Space Debris: Process Over Product on Breach of Space.

Updated: Feb 20, 2022

By Christopher B. (Programmer & Sound Designer for Breach of Space)

Breach of Space has gone through many transformations over the last 18 months. My team, Calcite Games, began working on it in August of 2020 as a team of three: one programmer (me), one concept artist, and one 3D artist. This project, whatever it was to become, would be the capstone project for most of us as graduates of Indiana University’s Game Design program. We would spend four semesters pitching, designing, building, and releasing our game, with some projects being scrapped and those members being redistributed along the way.


With the game approaching our release deadline, I began to reflect on the permutations of the project over the last nineteen months, everything I have learned, and more importantly how I learned those things. But I’m getting ahead of myself.

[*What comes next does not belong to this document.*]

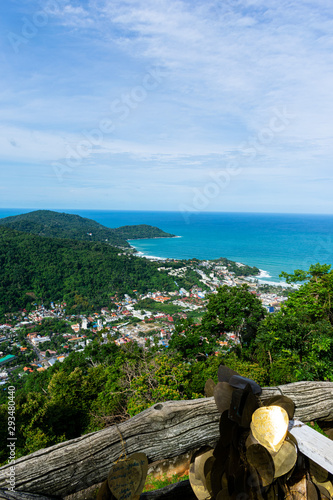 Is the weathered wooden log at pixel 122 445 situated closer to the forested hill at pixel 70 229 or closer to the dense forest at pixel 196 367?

Before our first semester had even started, I ended up in a meeting with the other two members of the team. They already had an idea of what the game should be: a roguelike, two-player, procedurally generated dungeon crawler for mobile. My initial reaction to this clown car of buzzwords was that this was not going to happen, that even a large team would have trouble producing this in such a short amount of time. But I was also interested in learning how to program proc-gen environments and setting up concurrent online play and didn’t want to just say “no” to learning new things (nor my new teammates). So, I spent the last week of summer vacation making a prototype.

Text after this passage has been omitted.